Directions for this task:
Every entry should come back exactly as written, minus the pictures.

Dataset extract:
────────────────

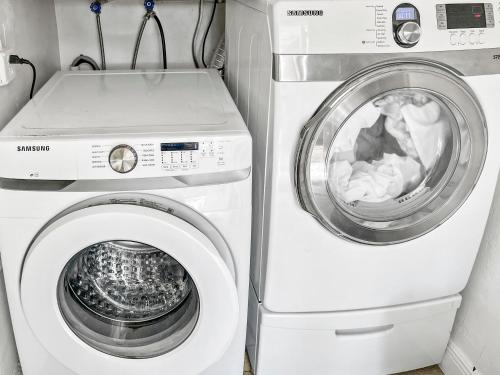 a washing machine and a washer in a room at Stylish & Cozy Home Close To Beach- Free Parking, Private, Backyard, Laundry in Pompano Beach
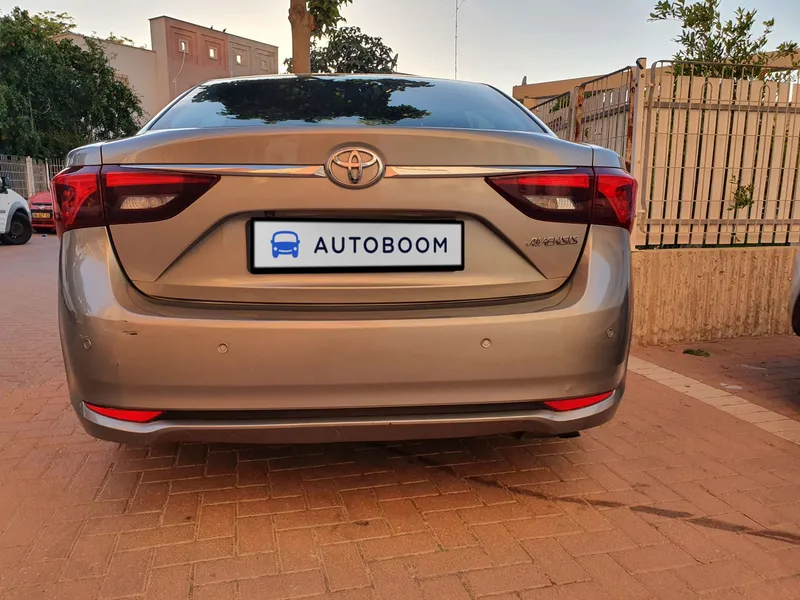 Toyota Avensis 2nd hand, 2018, private hand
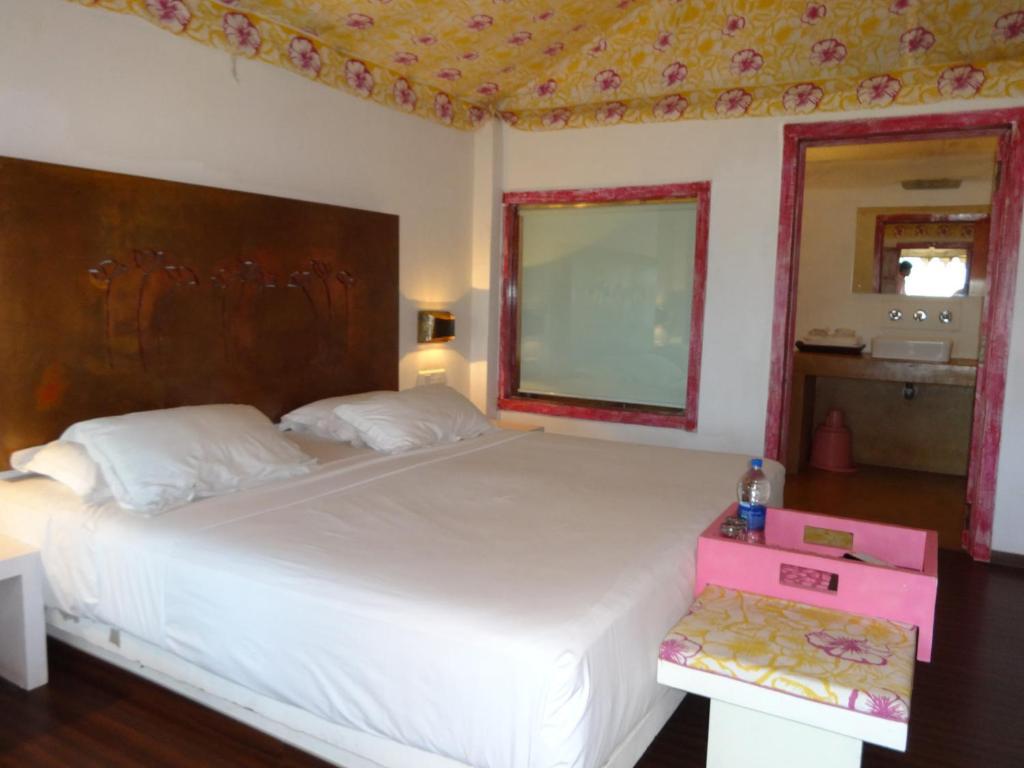 Raasleela Luxury Camp Resort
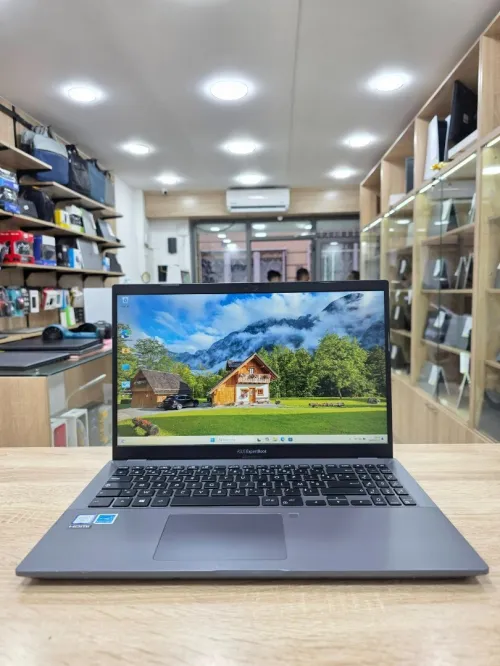 ASUS ExpertBook 15  i7 8565U 8GB/512GB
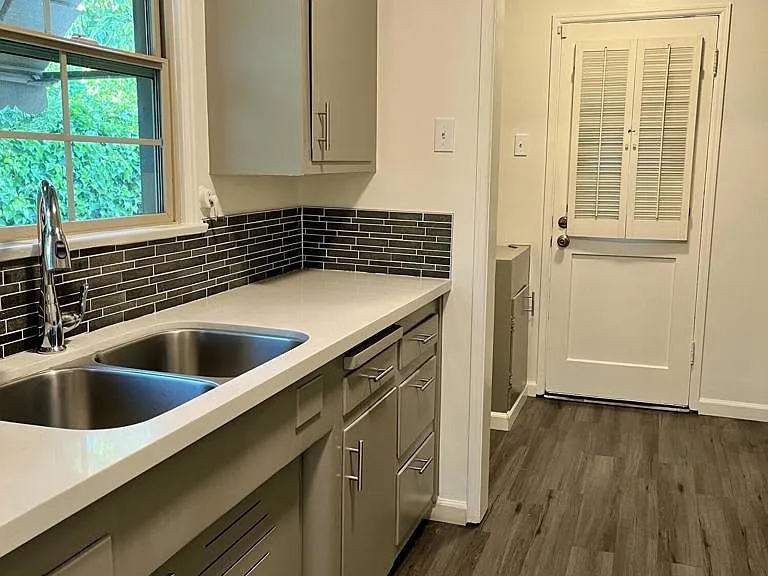 373 Laun St — Photo 25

────────────────

Written response:
 a washing machine and a washer in a room at Stylish & Cozy Home Close To Beach- Free Parking, Private, Backyard, Laundry in Pompano Beach
 Toyota Avensis 2nd hand, 2018, private hand
 Raasleela Luxury Camp Resort
 ASUS ExpertBook 15  i7 8565U 8GB/512GB
 373 Laun St — Photo 25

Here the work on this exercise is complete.